▶ _INFORMATION SHOWN_
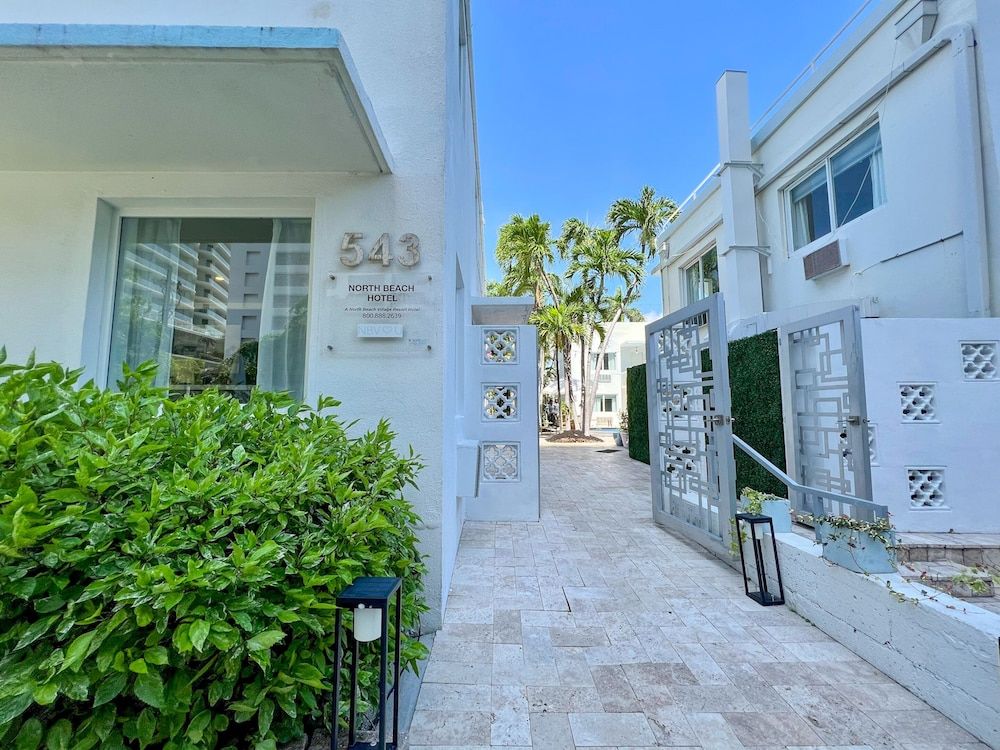 undefined North Beach Hotel 6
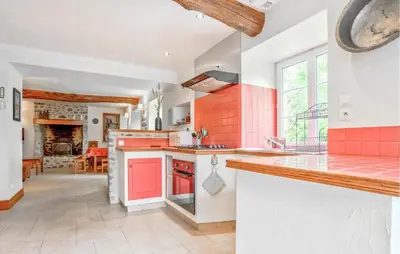 Cuisine ou kitchenette dans l'établissement 4 Bedroom Cozy Home In Monthuchon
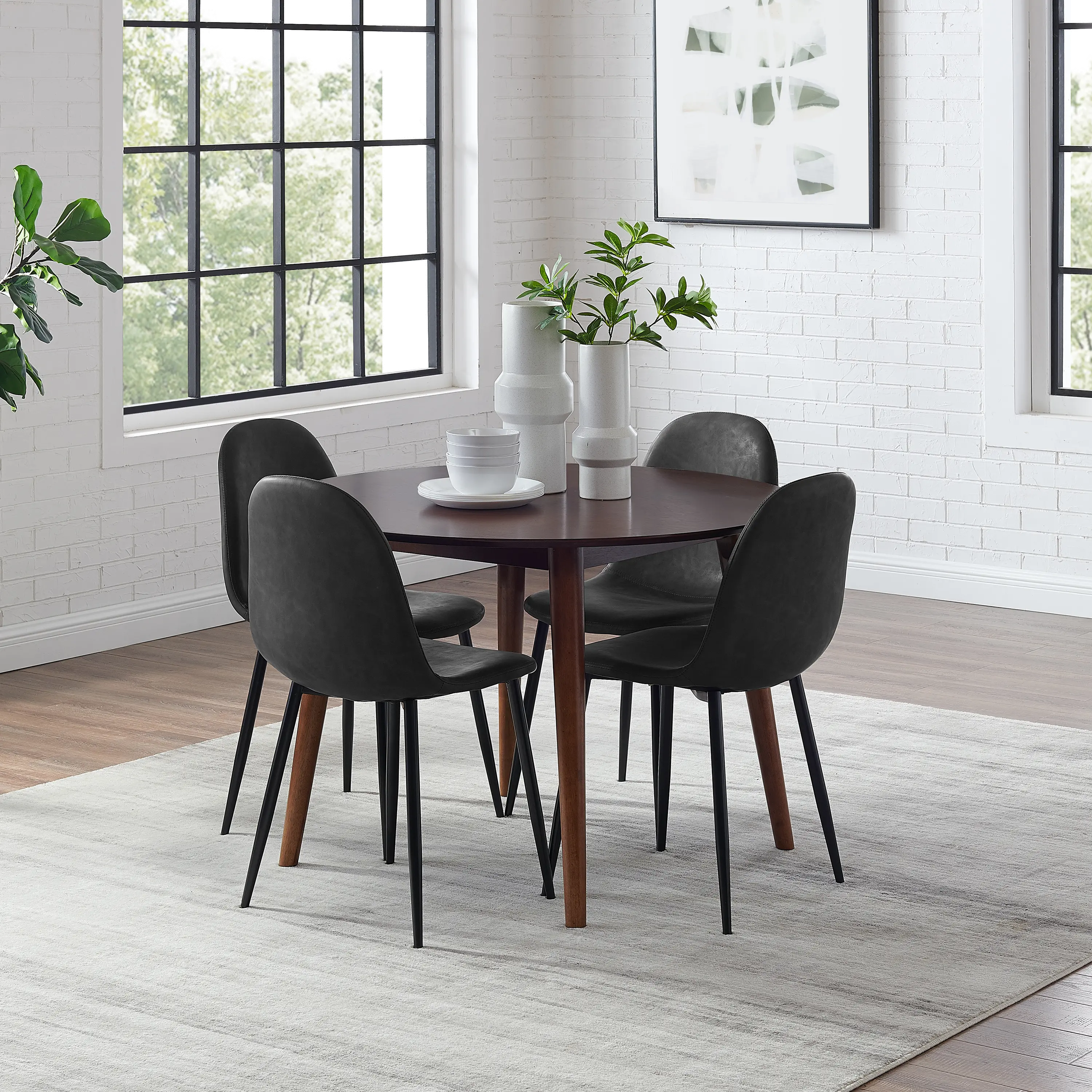 Landon Brown 5 Piece Dining Room Set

▶ _WHAT TO DO_
Write out the data above precisely. Pictures stay out.

▶ _TASK RESULT_
 undefined North Beach Hotel 6
 Cuisine ou kitchenette dans l'établissement 4 Bedroom Cozy Home In Monthuchon
 Landon Brown 5 Piece Dining Room Set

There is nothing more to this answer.